Starting Hass.io 0.26, it is possible to distribute add-ons that will be built on the users machine. The advantage is that as a developer it is easy to test an idea and see if people are interested in your add-ons. This method includes installing and potentially compiling code. This means that installing such an add-on is slow and adds more wear and tear to users SD card/hard drive than the above mentioned pre-build solution. It also has a higher chance of failure if one of the dependencies of the container has changed or is no longer available.
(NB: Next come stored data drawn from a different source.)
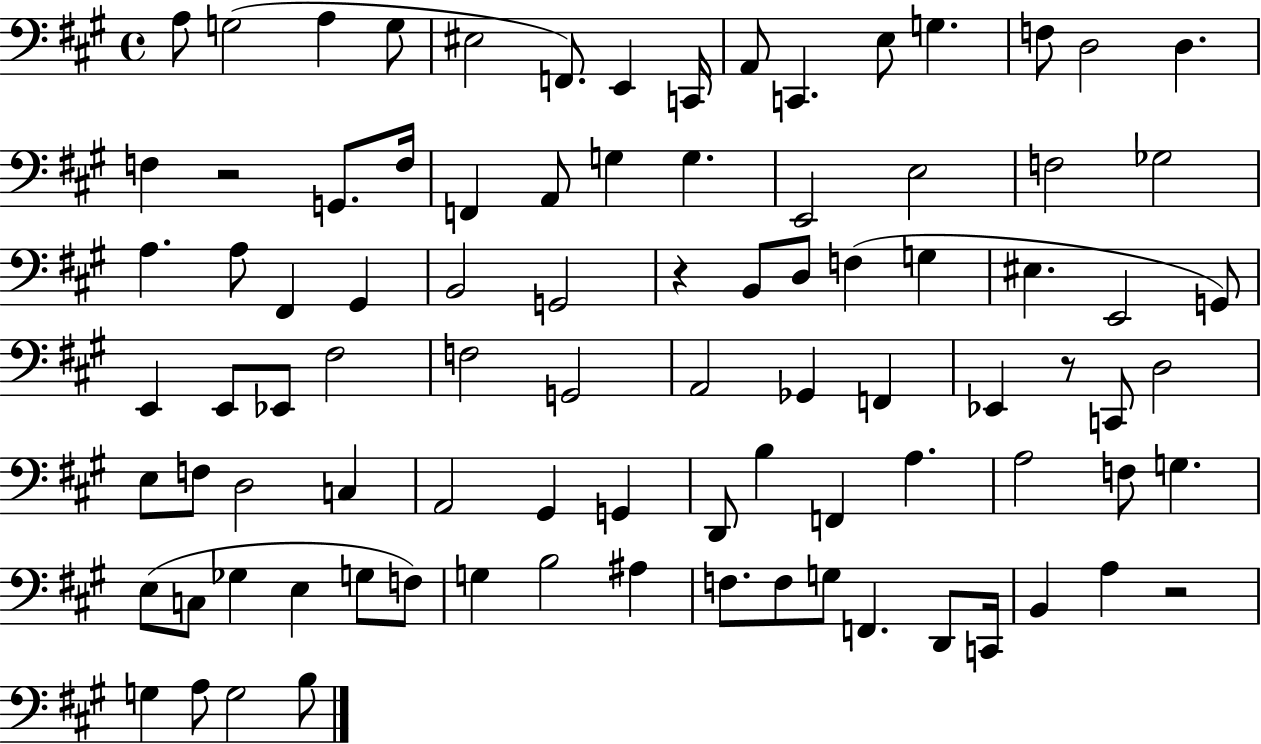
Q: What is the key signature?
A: A major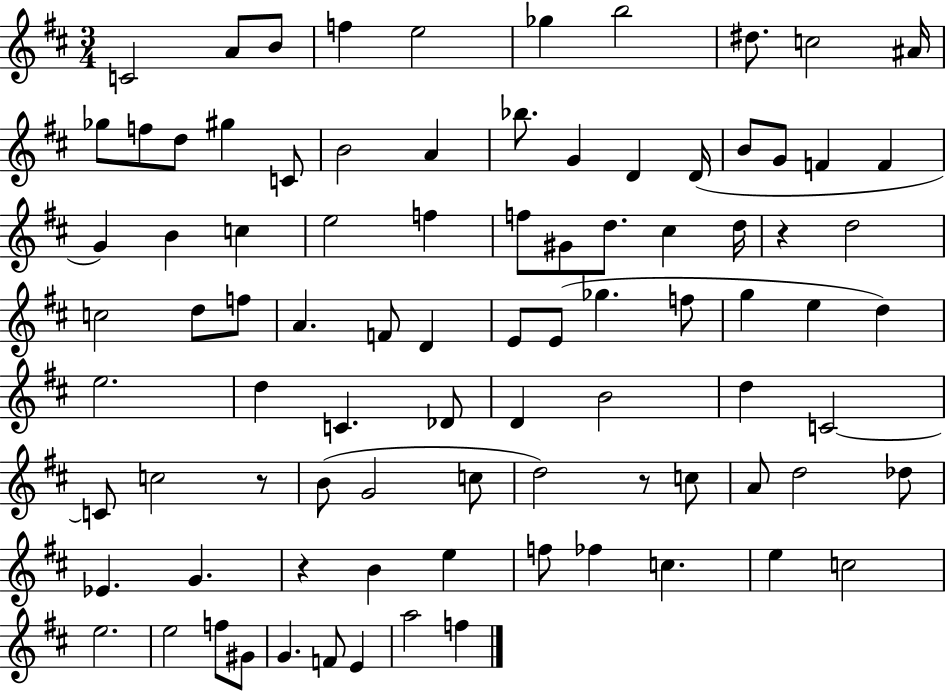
{
  \clef treble
  \numericTimeSignature
  \time 3/4
  \key d \major
  c'2 a'8 b'8 | f''4 e''2 | ges''4 b''2 | dis''8. c''2 ais'16 | \break ges''8 f''8 d''8 gis''4 c'8 | b'2 a'4 | bes''8. g'4 d'4 d'16( | b'8 g'8 f'4 f'4 | \break g'4) b'4 c''4 | e''2 f''4 | f''8 gis'8 d''8. cis''4 d''16 | r4 d''2 | \break c''2 d''8 f''8 | a'4. f'8 d'4 | e'8 e'8( ges''4. f''8 | g''4 e''4 d''4) | \break e''2. | d''4 c'4. des'8 | d'4 b'2 | d''4 c'2~~ | \break c'8 c''2 r8 | b'8( g'2 c''8 | d''2) r8 c''8 | a'8 d''2 des''8 | \break ees'4. g'4. | r4 b'4 e''4 | f''8 fes''4 c''4. | e''4 c''2 | \break e''2. | e''2 f''8 gis'8 | g'4. f'8 e'4 | a''2 f''4 | \break \bar "|."
}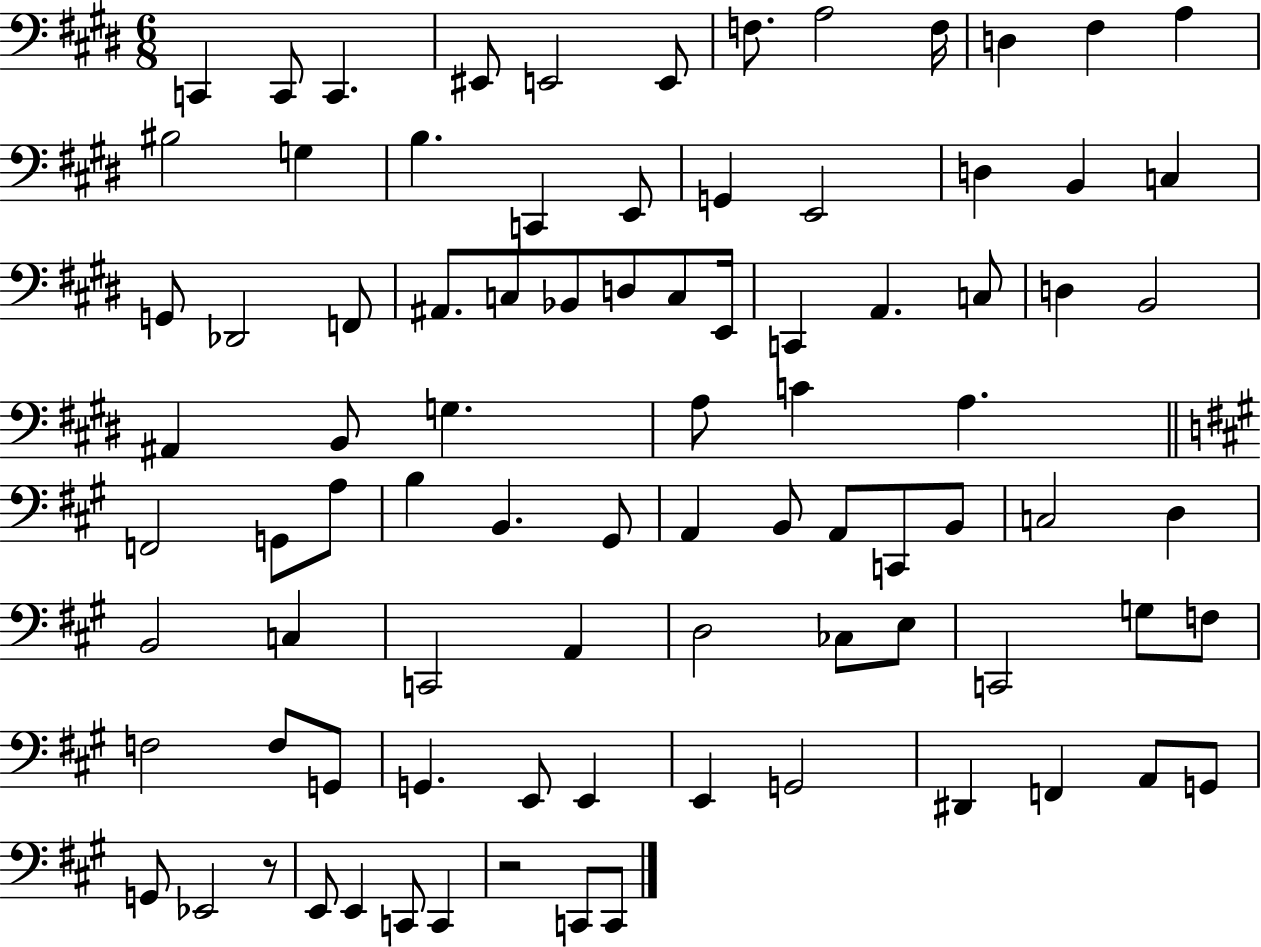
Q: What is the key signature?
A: E major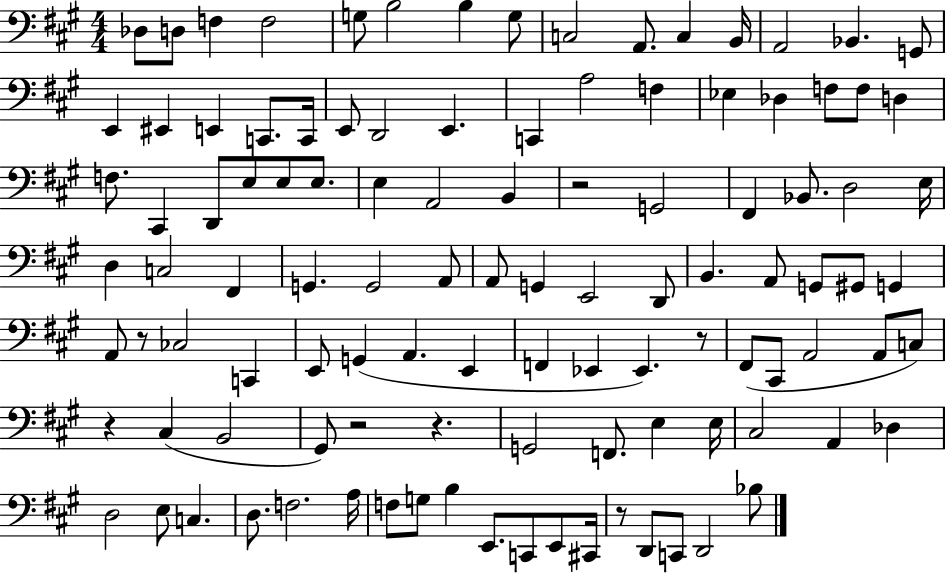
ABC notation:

X:1
T:Untitled
M:4/4
L:1/4
K:A
_D,/2 D,/2 F, F,2 G,/2 B,2 B, G,/2 C,2 A,,/2 C, B,,/4 A,,2 _B,, G,,/2 E,, ^E,, E,, C,,/2 C,,/4 E,,/2 D,,2 E,, C,, A,2 F, _E, _D, F,/2 F,/2 D, F,/2 ^C,, D,,/2 E,/2 E,/2 E,/2 E, A,,2 B,, z2 G,,2 ^F,, _B,,/2 D,2 E,/4 D, C,2 ^F,, G,, G,,2 A,,/2 A,,/2 G,, E,,2 D,,/2 B,, A,,/2 G,,/2 ^G,,/2 G,, A,,/2 z/2 _C,2 C,, E,,/2 G,, A,, E,, F,, _E,, _E,, z/2 ^F,,/2 ^C,,/2 A,,2 A,,/2 C,/2 z ^C, B,,2 ^G,,/2 z2 z G,,2 F,,/2 E, E,/4 ^C,2 A,, _D, D,2 E,/2 C, D,/2 F,2 A,/4 F,/2 G,/2 B, E,,/2 C,,/2 E,,/2 ^C,,/4 z/2 D,,/2 C,,/2 D,,2 _B,/2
Use this option when you are playing with add-ons and seeing if someone is interested in your work. Once you’re an established repository, please migrate to pushing builds to Docker Hub as it greatly improves the user experience. In the future we will mark locally built add-ons in the add-on store to warn users.
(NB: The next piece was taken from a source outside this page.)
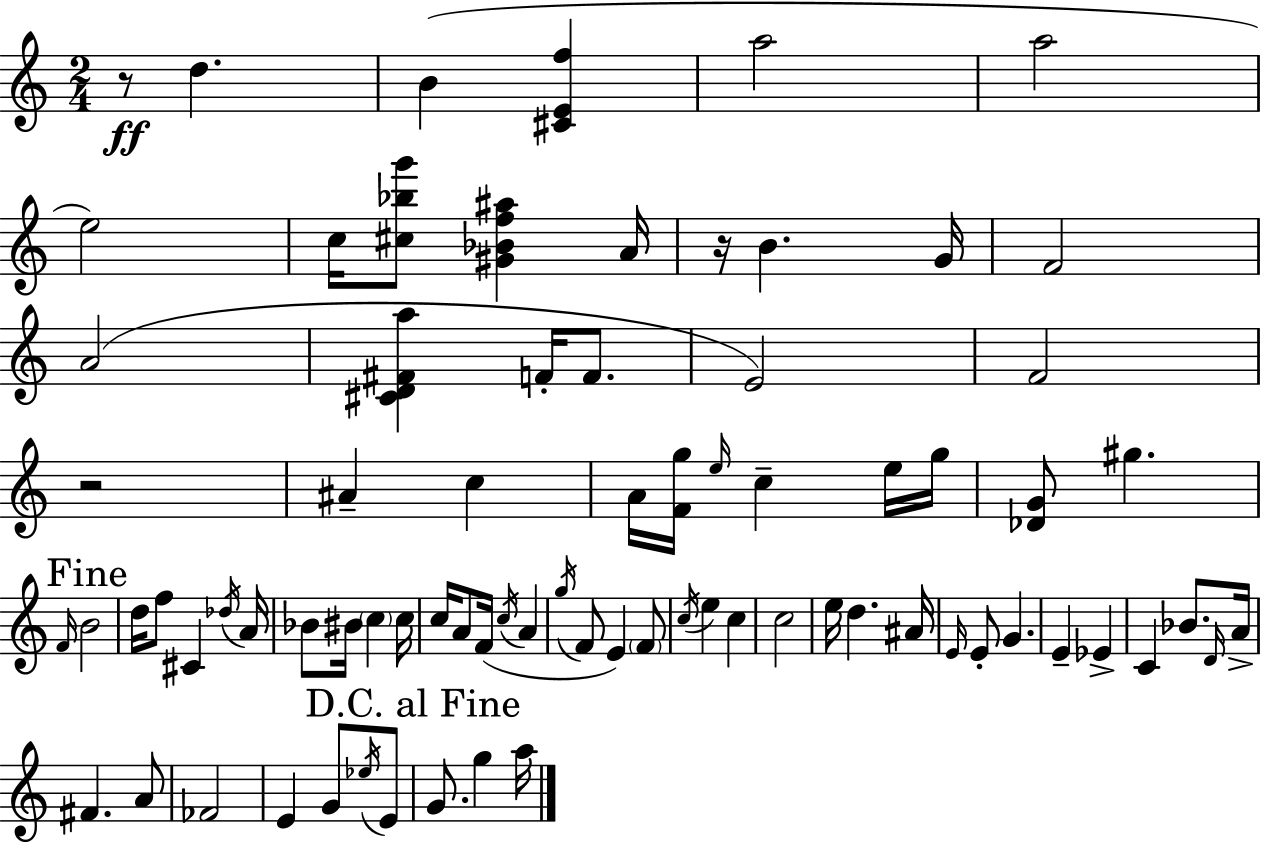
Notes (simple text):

Build scripts to publish add-ons to Docker Hub

All add-ons are simple docker containers. Inside your add-on config.json you specify the Docker image that will be installed for your add-on:

{
  ...

  "image": "myhub/image-{arch}-addon-name",

  ...
}

You can use {arch} inside the image name to support multiple architectures with 1 configuration file. It will be replaced with the architecture of the user when we load the image. If you use Buildargs you can use the build.json to overwrite our default args.

Hass.io assumes that the master branch of your add-on repository matches the latest tag on Docker Hub. When you’re building a new version, it’s suggested that you use another branch, ie build or do it with a PR on GitHub. After you push the add-on to Docker Hub, you can merge this branch to master.

Custom Add-ons

You need a Docker Hub account to make your own add-ons. You can build your docker images with docker build command or use our script that make it simple. Pull our builder docker engine and run one of the following commands.

For a git repository:

$ docker run --rm --privileged -v ~/.docker:/root/.docker homeassistant/amd64-builder --all -t addon-folder -r https://github.com/xy/addons -b branchname

For a local repository:

$ docker run --rm --privileged -v ~/.docker:/root/.docker -v /my_addon:/data homeassistant/amd64-builder --all -t /data

If you are developing on macOS and using Docker for Mac, you may encounter an error message similar to the following: error creating aufs mount to /var/lib/docker/aufs/mnt/-init: invalid argument</code>. A proposed workaround is to add the following to the Advanced Daemon JSON configuration via Docker > Preferences > Daemon > Advanced: "storage-driver" : "aufs".